**Exercise objective**. Strip out all images, then restate the data verbatim.

**Exercise data**.
□ □ □ □

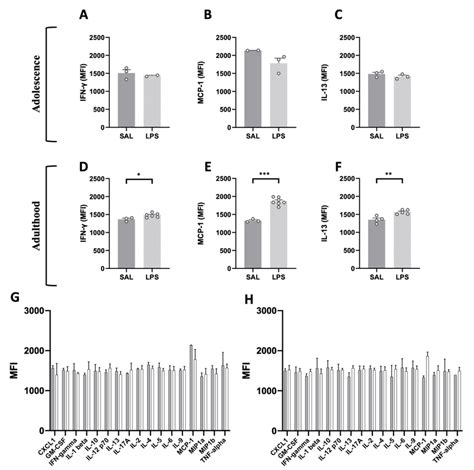 Flow Cytometric Analysis Of Pro And Anti Inflammatory Cytokines In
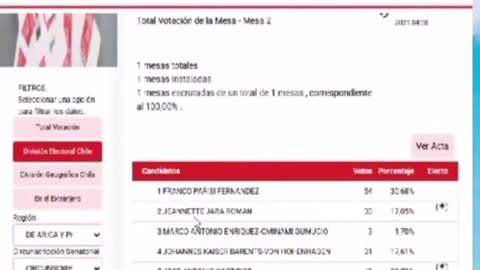 SERVEL marcó en sus sistemas a dos candidatos como los elegidos sin importar los votos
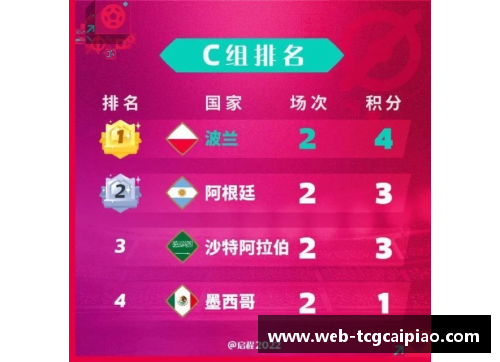 tcg彩票法国队晋级之路的坎坷与希望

□ □ □ □

**Problem solution**.
 Flow Cytometric Analysis Of Pro And Anti Inflammatory Cytokines In
 SERVEL marcó en sus sistemas a dos candidatos como los elegidos sin importar los votos
 tcg彩票法国队晋级之路的坎坷与希望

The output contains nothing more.